2021-06-28 08:28:02,984 maskrcnn_benchmark INFO: roi_heads.relation.union_feature_extractor.feature_extractor.pooler.reduce_channel.0.bias: 0.00042, (torch.Size([256]))
2021-06-28 08:28:02,985 maskrcnn_benchmark INFO: roi_heads.relation.predictor.context_layer.pos_embed.0.bias: 0.00001, (torch.Size([32]))
2021-06-28 08:28:02,985 maskrcnn_benchmark INFO: roi_heads.relation.predictor.context_layer.overlap_embed.0.weight: 0.00000, (torch.Size([128, 6]))
2021-06-28 08:28:02,985 maskrcnn_benchmark INFO: roi_heads.relation.predictor.context_layer.overlap_embed.0.bias: 0.00000, (torch.Size([128]))
2021-06-28 08:28:02,985 maskrcnn_benchmark INFO: roi_heads.relation.predictor.context_layer.overlap_embed.1.weight: 0.00000, (torch.Size([128]))
2021-06-28 08:28:02,985 maskrcnn_benchmark INFO: roi_heads.relation.predictor.context_layer.overlap_embed.1.bias: 0.00000, (torch.Size([128]))
2021-06-28 08:28:02,985 maskrcnn_benchmark INFO: roi_heads.relation.predictor.context_layer.box_embed.0.weight: 0.00000, (torch.Size([128, 9]))
2021-06-28 08:28:02,985 maskrcnn_benchmark INFO: roi_heads.relation.predictor.context_layer.box_embed.0.bias: 0.00000, (torch.Size([128]))
2021-06-28 08:28:02,986 maskrcnn_benchmark INFO: roi_heads.relation.predictor.context_layer.box_embed.1.weight: 0.00000, (torch.Size([128]))
2021-06-28 08:28:02,986 maskrcnn_benchmark INFO: roi_heads.relation.predictor.context_layer.box_embed.1.bias: 0.00000, (torch.Size([128]))
2021-06-28 08:28:02,986 maskrcnn_benchmark INFO: roi_heads.relation.predictor.context_layer.obj_reduce.weight: 0.00000, (torch.Size([128, 4096]))
2021-06-28 08:28:02,986 maskrcnn_benchmark INFO: roi_heads.relation.predictor.context_layer.obj_reduce.bias: 0.00000, (torch.Size([128]))
2021-06-28 08:28:02,986 maskrcnn_benchmark INFO: roi_heads.relation.predictor.context_layer.emb_reduce.weight: 0.00000, (torch.Size([128, 200]))
2021-06-28 08:28:02,986 maskrcnn_benchmark INFO: roi_heads.relation.predictor.context_layer.emb_reduce.bias: 0.00000, (torch.Size([128]))
2021-06-28 08:28:02,986 maskrcnn_benchmark INFO: roi_heads.relation.predictor.context_layer.score_pre.weight: 0.00000, (torch.Size([1024, 512]))
2021-06-28 08:28:02,986 maskrcnn_benchmark INFO: roi_heads.relation.predictor.context_layer.score_pre.bias: 0.00000, (torch.Size([1024]))
2021-06-28 08:28:02,987 maskrcnn_benchmark INFO: roi_heads.relation.predictor.context_layer.score_sub.weight: 0.00000, (torch.Size([1024, 1024]))
2021-06-28 08:28:02,987 maskrcnn_benchmark INFO: roi_heads.relation.predictor.context_layer.score_sub.bias: 0.00000, (torch.Size([1024]))

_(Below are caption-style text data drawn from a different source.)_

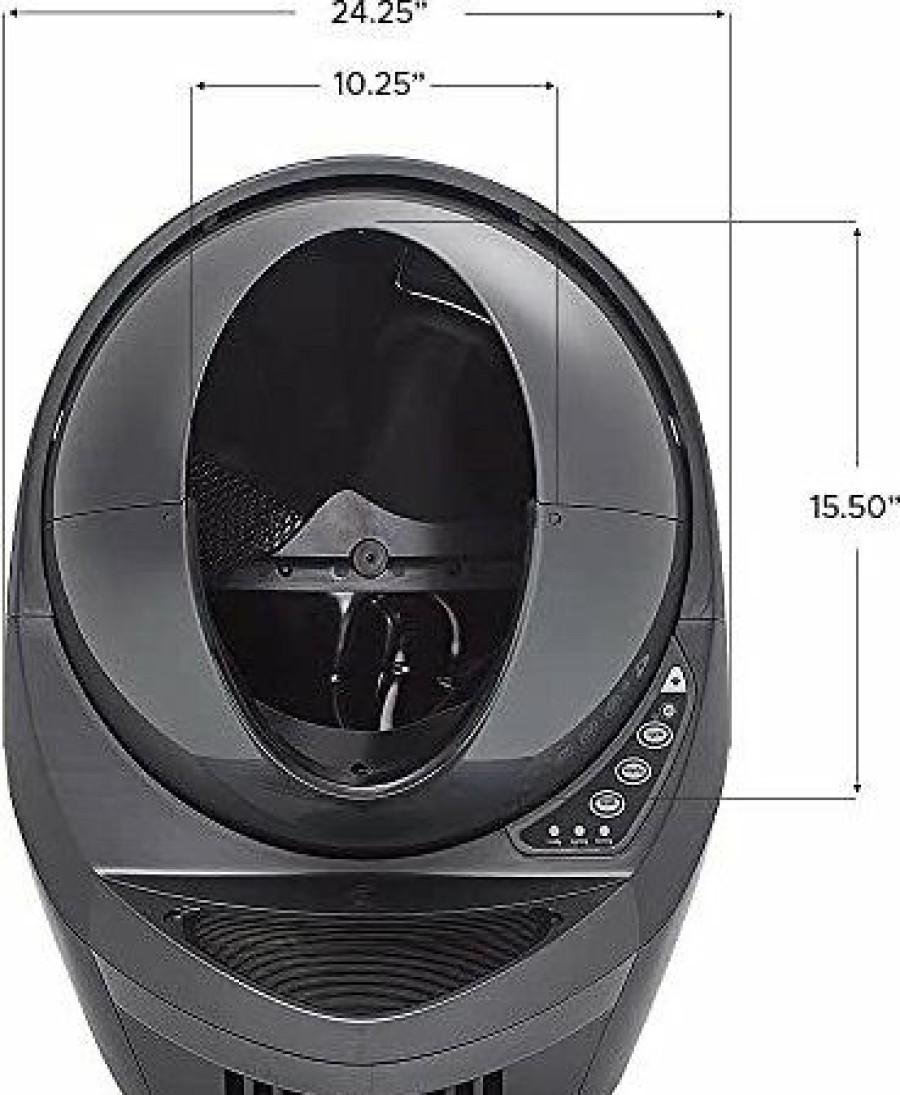 New * Online Whisker Litter-Robot 3 Wifi Enabled Automatic Self-Cleaning Cat Litter Box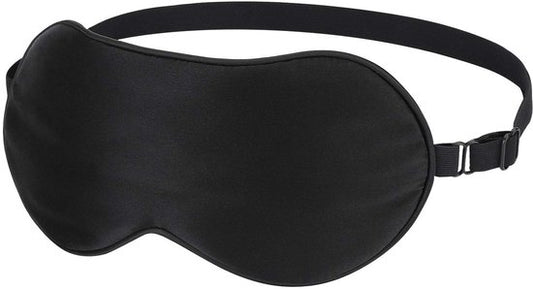 Northwall Premium Zijden Slaapmasker met Oordopjes - 100% Verduisterend Oogmasker - Verstelbaar - Zwart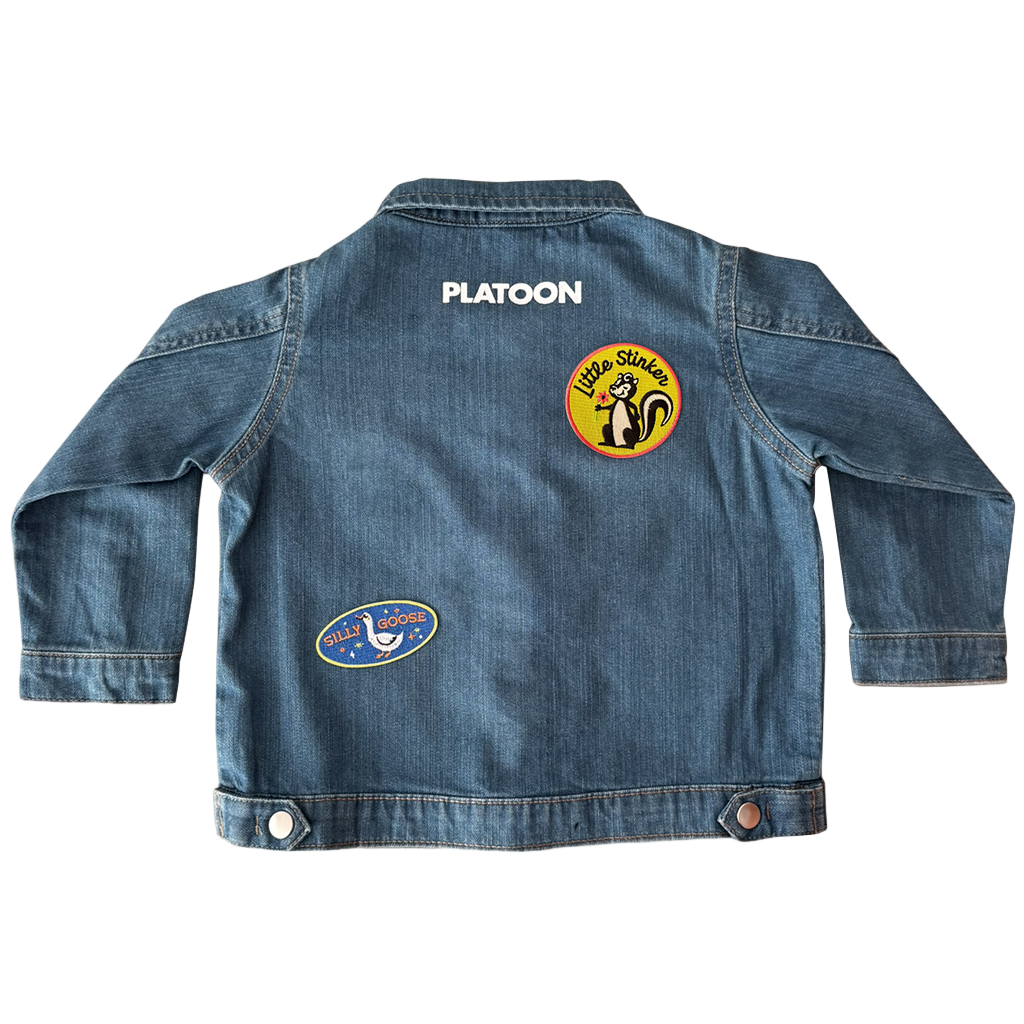 Platoon Kids Denim Jacket Back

2021-06-28 08:28:02,987 maskrcnn_benchmark INFO: roi_heads.relation.predictor.context_layer.score_obj.weight: 0.00000, (torch.Size([1024, 1024]))
2021-06-28 08:28:02,987 maskrcnn_benchmark INFO: roi_heads.relation.predictor.context_layer.score_obj.bias: 0.00000, (torch.Size([1024]))

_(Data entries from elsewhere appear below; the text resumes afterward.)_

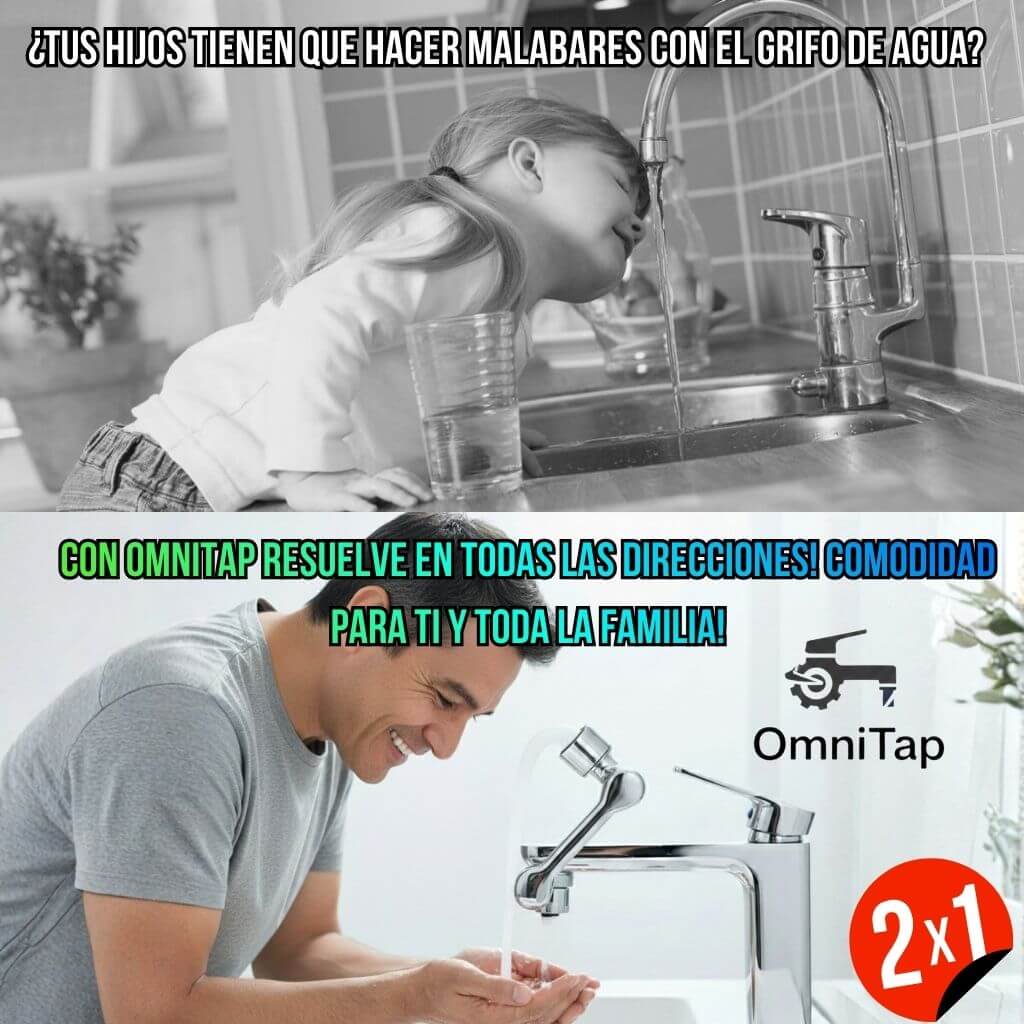 OmniTap®️ - Haz que el agua llegue a cada rincón de tu lavaplatos sin esfuerzo
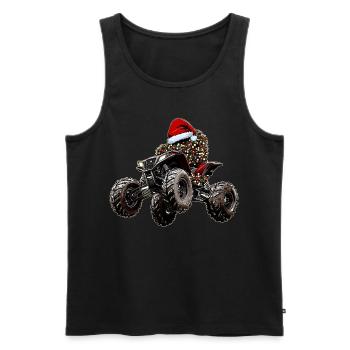 Atv Quad 4 Wheeler Weihnachten Hut Xmas - Männer Premium Bio Tank Top - Schwarz - Vorne - AI Model Male 178 light (178cm)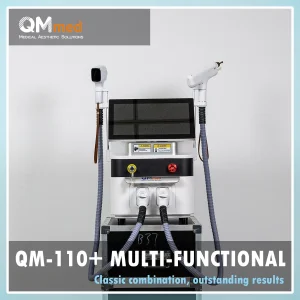 Qm-110+ All-in-One Multi Tech Laser Platform with Modular Handpiece Replacement for Hair Removal, Tattoo Removal &amp; Vascular Lesion Treatment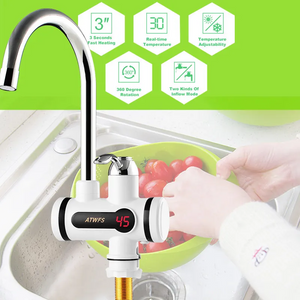 Instant Electric Water Heater Tap With LED Temperature Display Trustify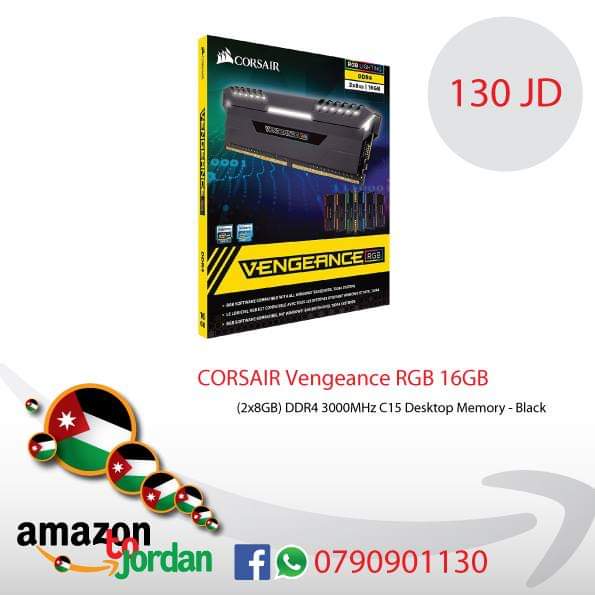 DDR4 16gb Ram 3000mhz                                            


	 				لا تنسَ أنك شاهدت هذا الإعلان في عنكبوت            
	 				
                                Corsair vengeance pro RGB 16GB...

2021-06-28 08:28:02,987 maskrcnn_benchmark INFO: roi_heads.relation.predictor.context_layer.vision_prior.weight: 0.00000, (torch.Size([1, 3073]))

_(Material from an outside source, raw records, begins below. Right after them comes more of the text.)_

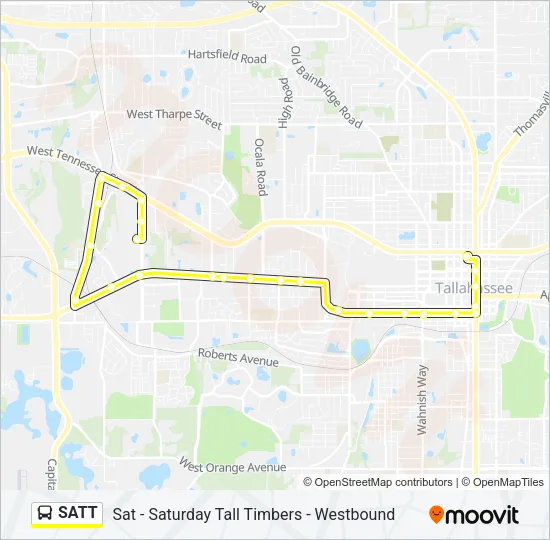 SATT Bus Line Map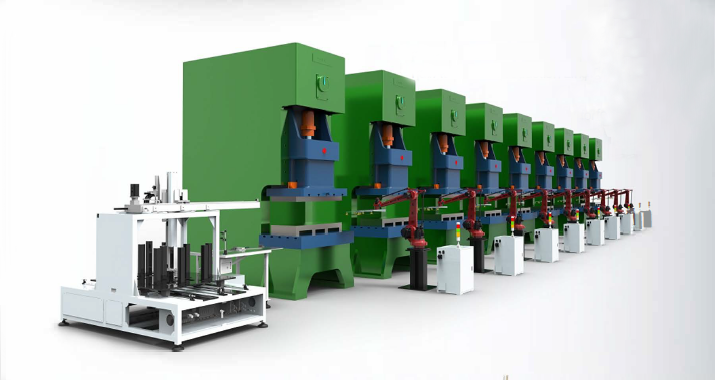 Application of the system on 16 stamping machines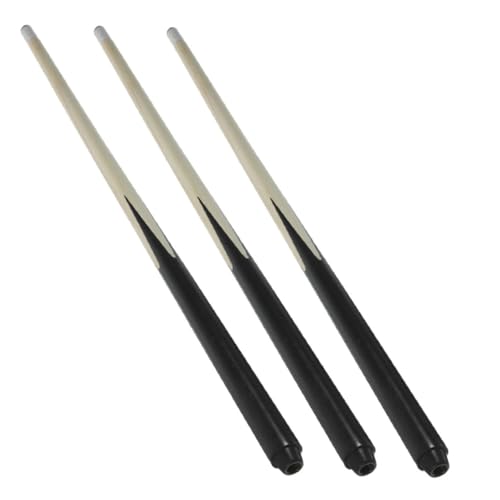 FRCOLOR 3 Stück Teiliges Mini Pool Queue Sticks für Kurz aus Holz für Billardspiel und Geburtstagsfeiern Fördert Konzentration und Geschicklichkeit FRCOLOR 3 Stück Teiliges Mini Pool Queue Sticks für Kurz aus Holz für Billardspiel und Geburtstagsfeiern Fördert Konzentration und Geschicklichkeit von FRCOLOR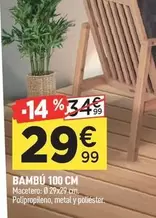 Oferta de Bambu 100 Cm por 29,99€ en Centrakor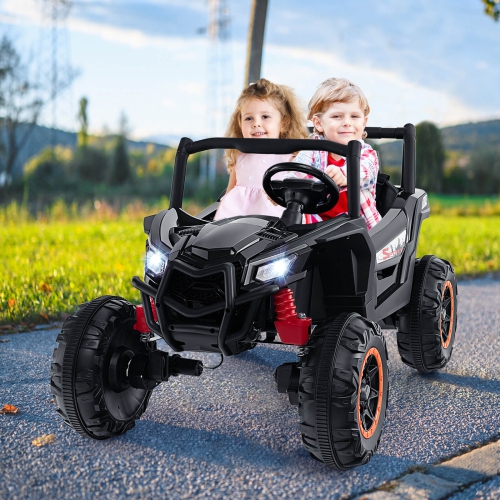 Costway 24V Kids Ride on UTV with 4 x 100W Powerful Engine Remote Control High/Low Speed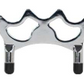 Koda Deluxe Chrome Bridgehead with 2pc Bridge Stick - view 2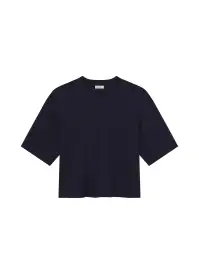 Albie Cotton Jersey Tee(Maritime Navy,XS)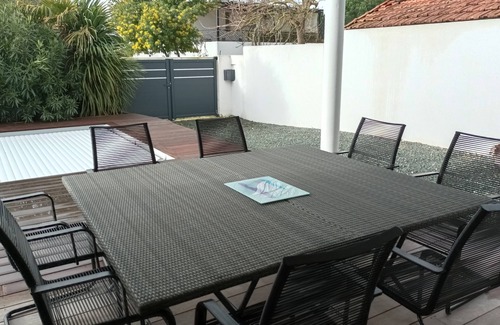 Vaux-sur-Mer Villa | Single-storey house Royan 8 pers - Heated swimming pool in summer - Pontaillac beach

2021-06-28 08:28:02,987 maskrcnn_benchmark INFO: roi_heads.relation.predictor.context_layer.vision_prior.bias: 0.00000, (torch.Size([1]))

Despite the above possible problems, I kept training the model. But after 50000 iters, I got a test result like R@100 37.68 on the test set. I have noticed that all the examples are about the motif-based model, could you please show the right procedure of reproducing the reported performance of the vctree model (42.77 | 46.67 | 47.64)?